Task to carry out: For this exercise, retype the lines from the one that holds "Для кількісного розрахунку" through the one that holds "FF现场总线使用说明书_第2页" in the records below, both included, exactly and without pictures.

Data section:

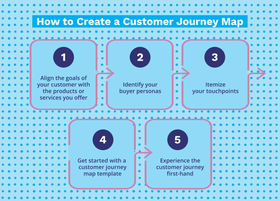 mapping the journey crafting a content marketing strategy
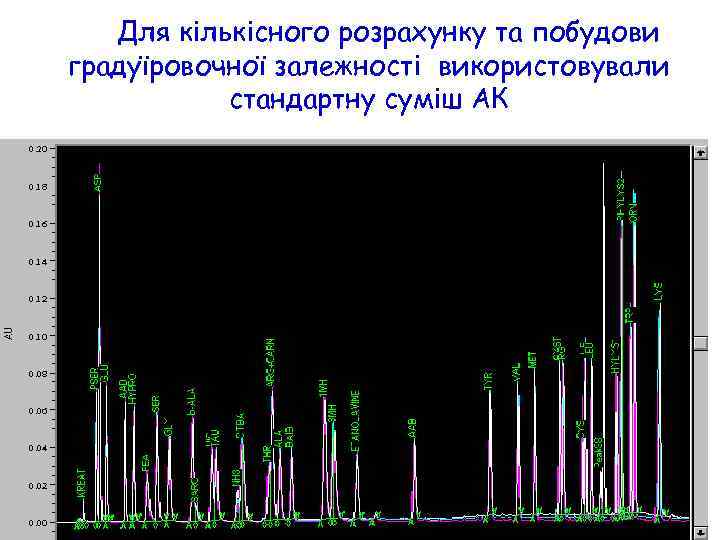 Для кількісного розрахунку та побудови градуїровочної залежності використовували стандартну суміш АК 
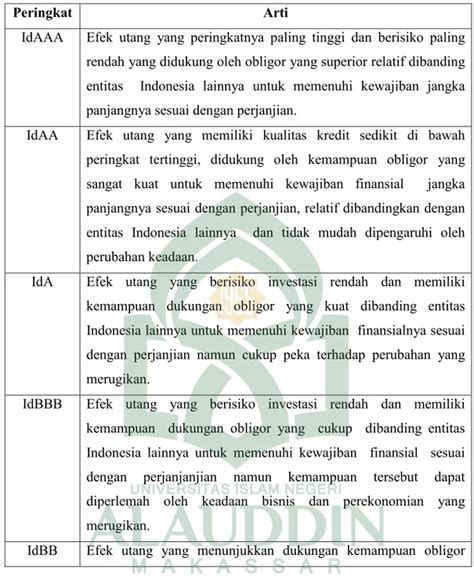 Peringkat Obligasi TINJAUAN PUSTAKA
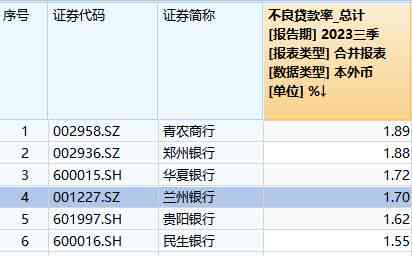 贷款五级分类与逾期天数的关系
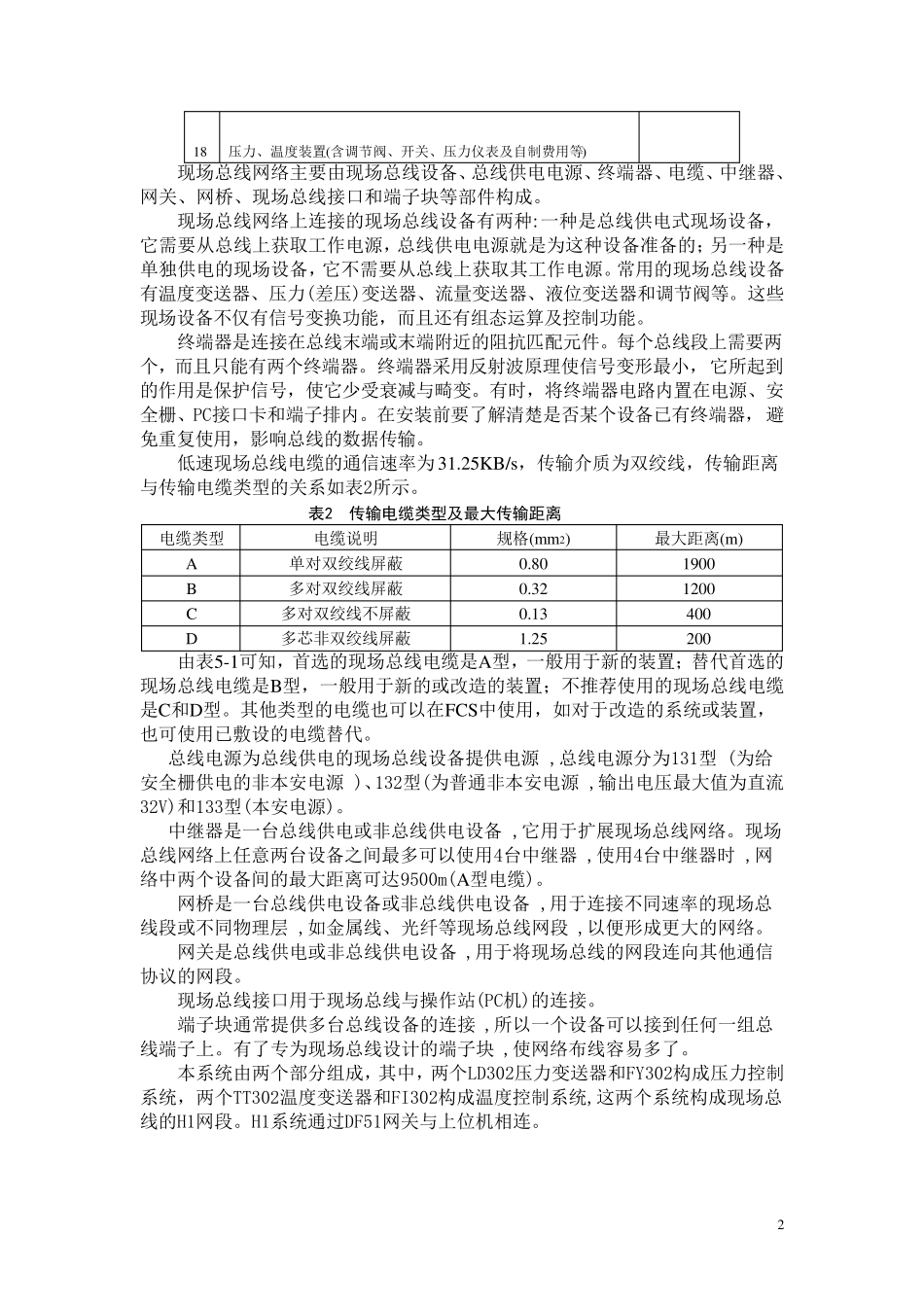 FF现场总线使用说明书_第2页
--
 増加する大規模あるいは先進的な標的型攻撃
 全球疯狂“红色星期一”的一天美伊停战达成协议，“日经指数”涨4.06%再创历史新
--
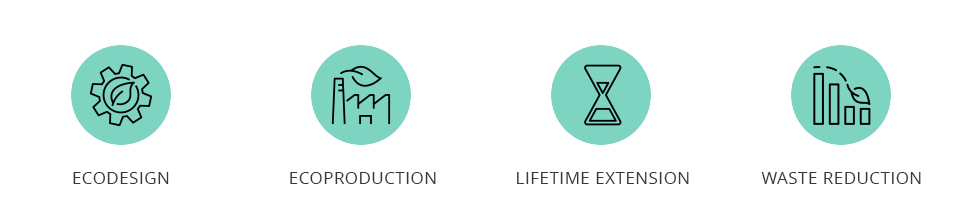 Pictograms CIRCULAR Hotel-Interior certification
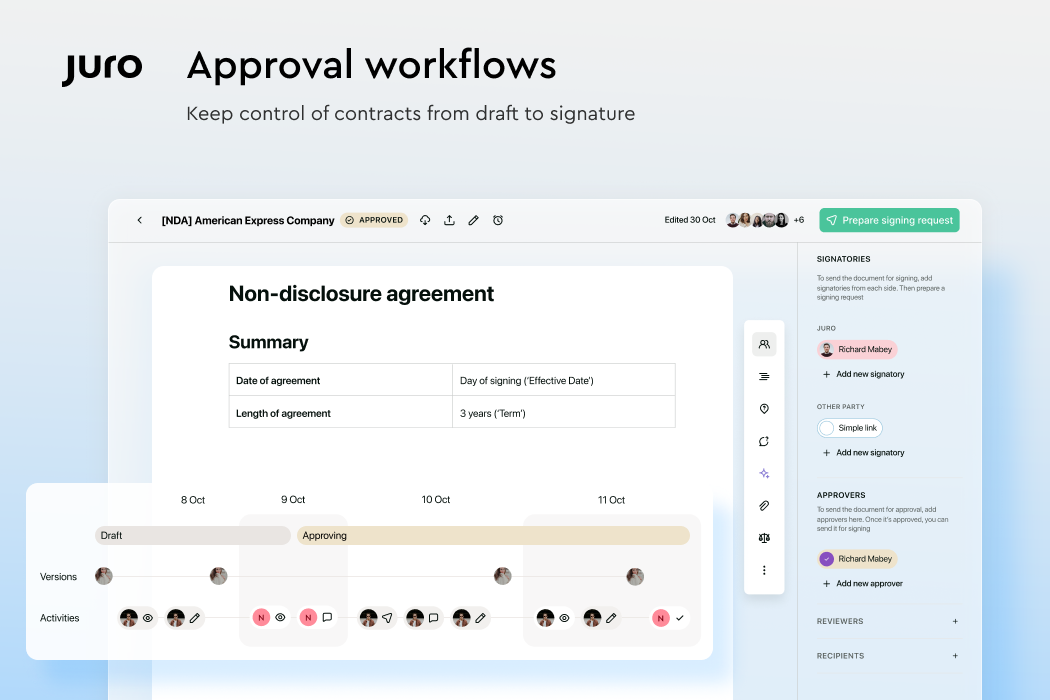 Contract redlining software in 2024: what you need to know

Written response:
 Для кількісного розрахунку та побудови градуїровочної залежності використовували стандартну суміш АК 
 Peringkat Obligasi TINJAUAN PUSTAKA
 贷款五级分类与逾期天数的关系
 FF现场总线使用说明书_第2页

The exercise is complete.